- EXERCISE INSTRUCTIONS -
Your copy should match the listing word for word, apart from the pictures, which are left out.

- RECORDED INFORMATION -
● ● ● ●

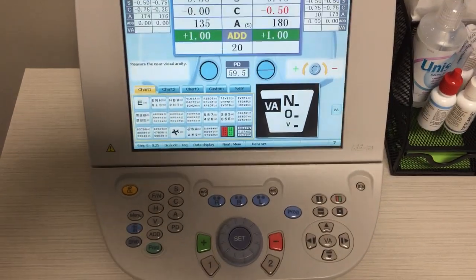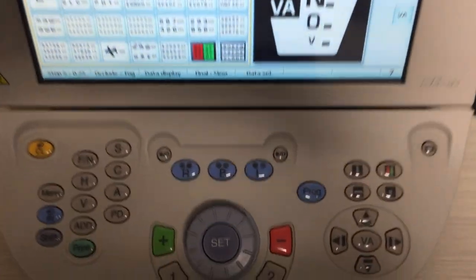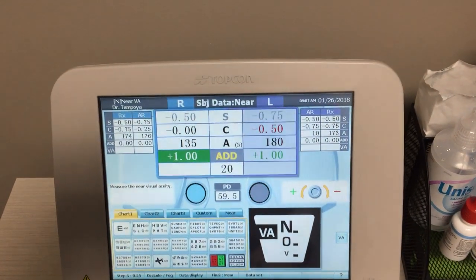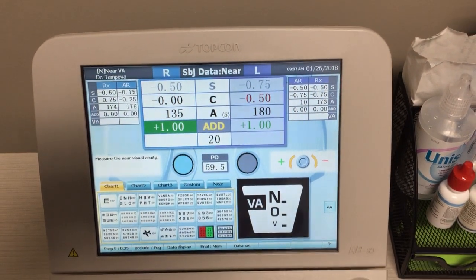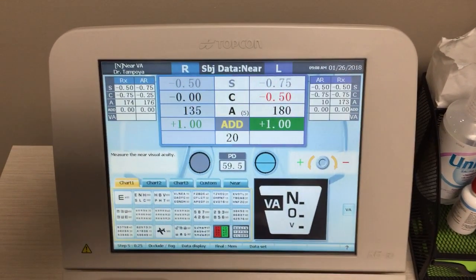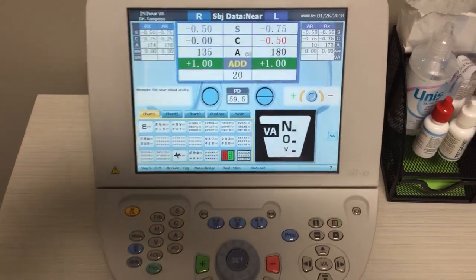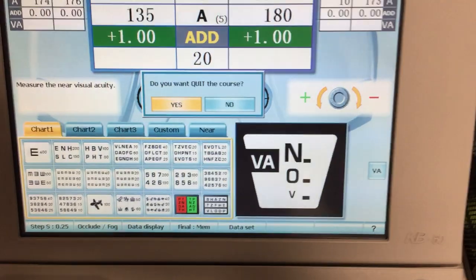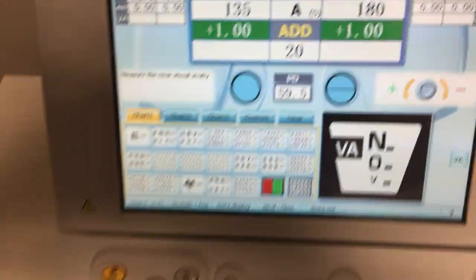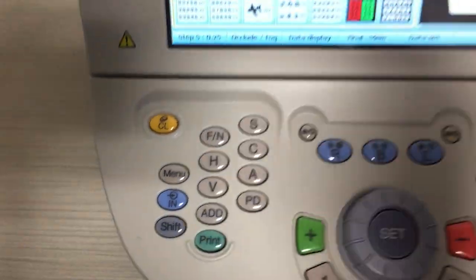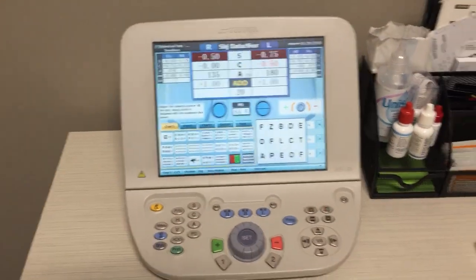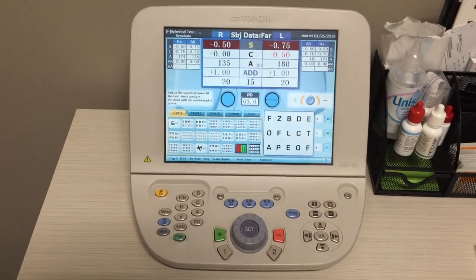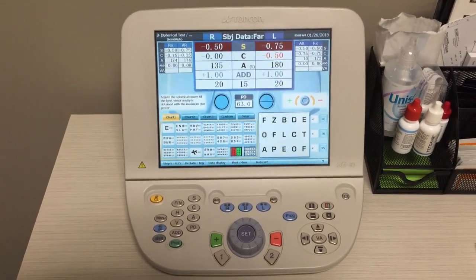Some things to mention: you can toggle between the right and left eye using the blue buttons on top. Press R to test just the right eye — the left eye will gray out. You can do left eye only, or both. The next step by pressing SET asks if you want to quit the course — we're at the end of the refraction. I press SET and then the F/N button so the phoropter goes back to its original state and the near light turns off. F/N stands for far/near depending on what you're testing. That completes the refraction.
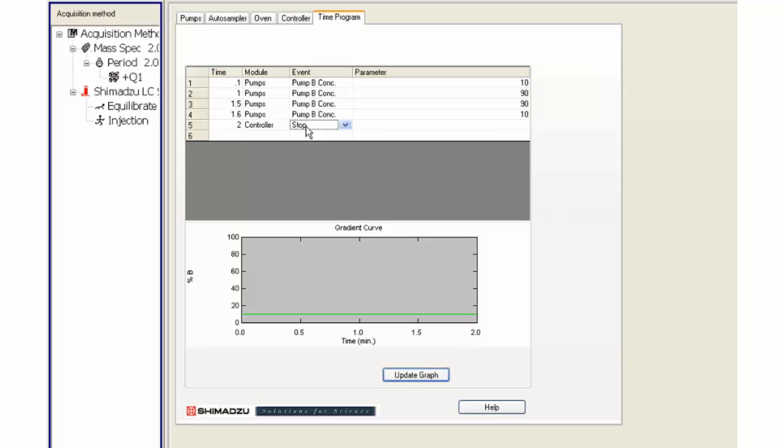Change the module cell to controller. Select stop in the event column. Press the update graph button to see what the gradient looks like pictorially.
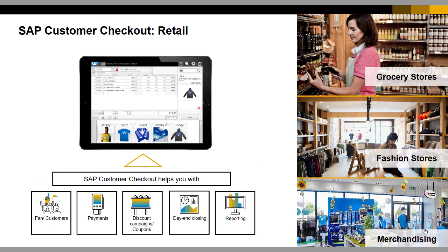The retail user interface mode can be used in grocery stores, fashion stores, or merchandising stores. The cashier can record time, and we support omnichannel sales, different price lists, different discount lists, and time-based pricing. We support mixing of multiple payments and payment in multi-currency. This mode is completely offline capable, and at the end of the day the cashier performs a day-end closing. At any point in time, brief reporting is available to see what is happening in the retail mode.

● ● ● ●

- OUTPUT FOR THIS EXERCISE -
Some things to mention: you can toggle between the right and left eye using the blue buttons on top. Press R to test just the right eye — the left eye will gray out. You can do left eye only, or both. The next step by pressing SET asks if you want to quit the course — we're at the end of the refraction. I press SET and then the F/N button so the phoropter goes back to its original state and the near light turns off. F/N stands for far/near depending on what you're testing. That completes the refraction.
Change the module cell to controller. Select stop in the event column. Press the update graph button to see what the gradient looks like pictorially.
The retail user interface mode can be used in grocery stores, fashion stores, or merchandising stores. The cashier can record time, and we support omnichannel sales, different price lists, different discount lists, and time-based pricing. We support mixing of multiple payments and payment in multi-currency. This mode is completely offline capable, and at the end of the day the cashier performs a day-end closing. At any point in time, brief reporting is available to see what is happening in the retail mode.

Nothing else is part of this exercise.